=== Problem statement ===
Beneath this line sits some data. Return only its lines from the one holding "威尼斯的大型商用桨帆船" through the one holding "Western Cowboy Silhouette", inclusive, exactly, with the images removed.

=== Data provided ===

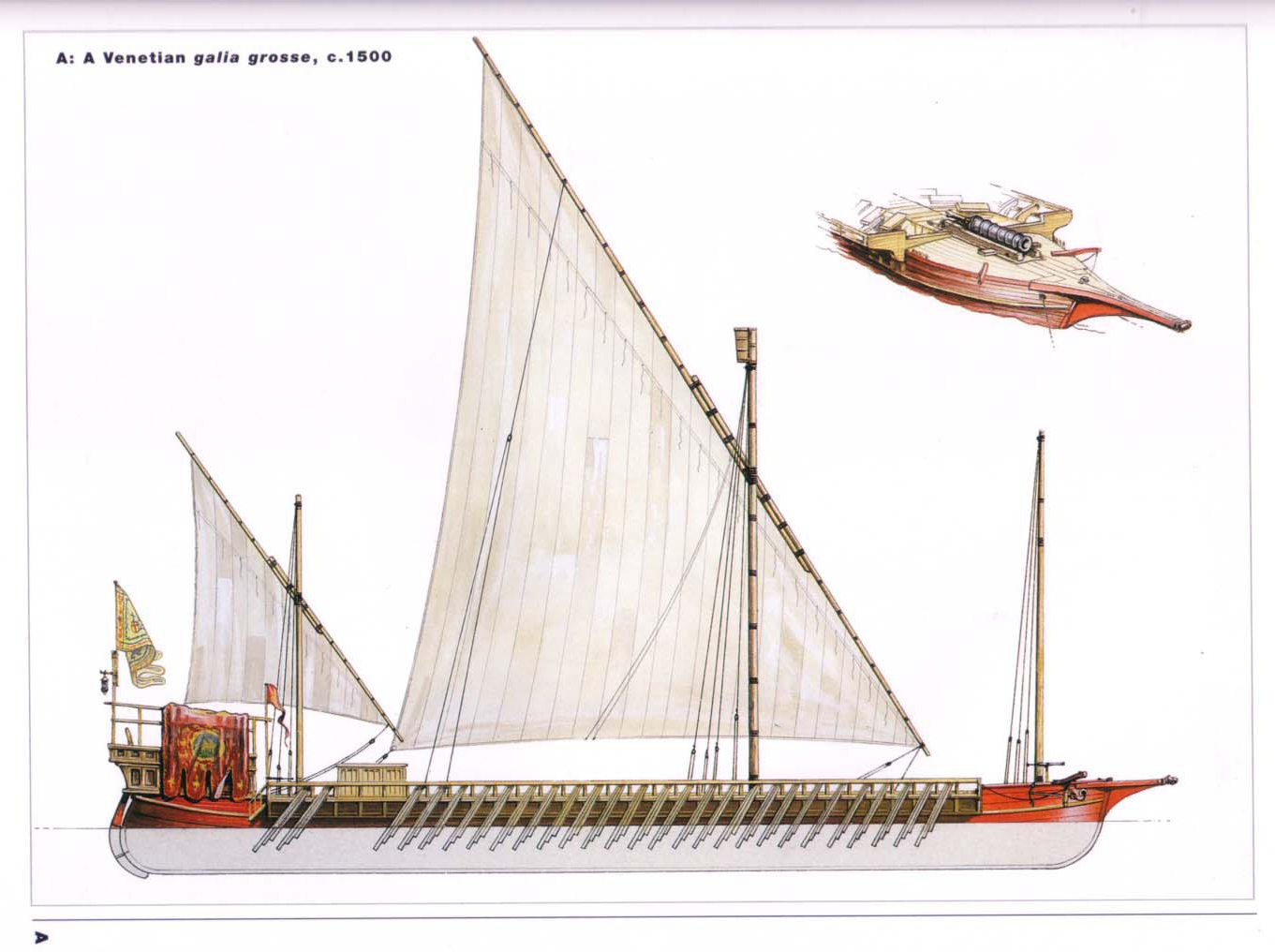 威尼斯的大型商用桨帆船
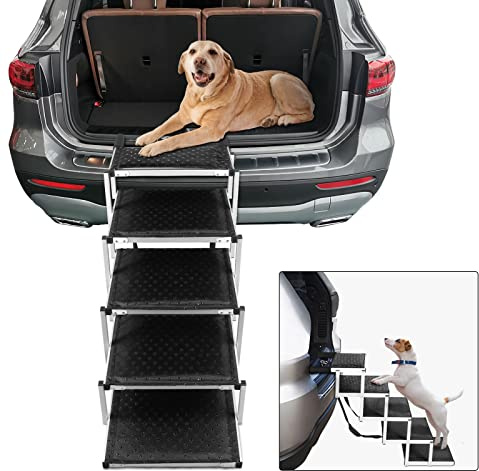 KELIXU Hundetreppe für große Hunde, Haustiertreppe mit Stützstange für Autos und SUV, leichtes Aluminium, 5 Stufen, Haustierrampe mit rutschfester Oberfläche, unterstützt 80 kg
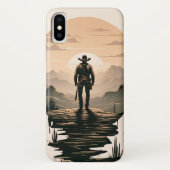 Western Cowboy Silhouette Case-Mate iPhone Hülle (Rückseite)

---

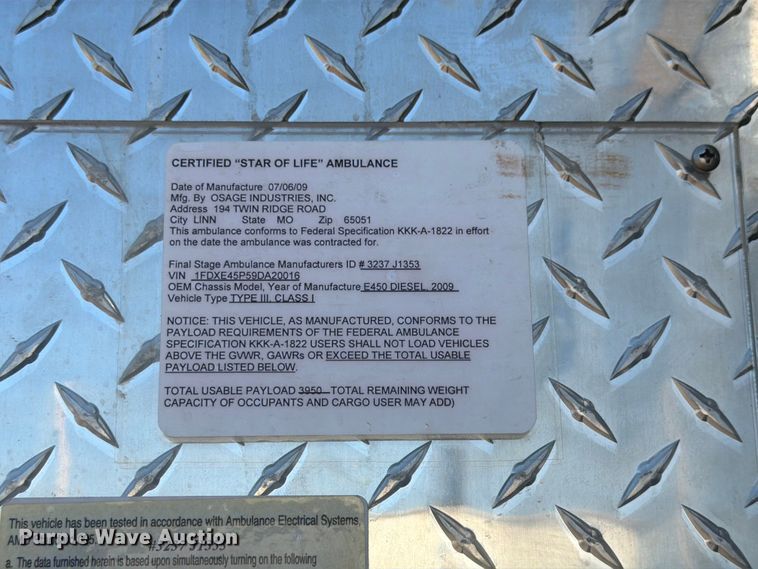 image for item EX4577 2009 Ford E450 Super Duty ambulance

=== Task output ===
 威尼斯的大型商用桨帆船
 KELIXU Hundetreppe für große Hunde, Haustiertreppe mit Stützstange für Autos und SUV, leichtes Aluminium, 5 Stufen, Haustierrampe mit rutschfester Oberfläche, unterstützt 80 kg
 Western Cowboy Silhouette Case-Mate iPhone Hülle (Rückseite)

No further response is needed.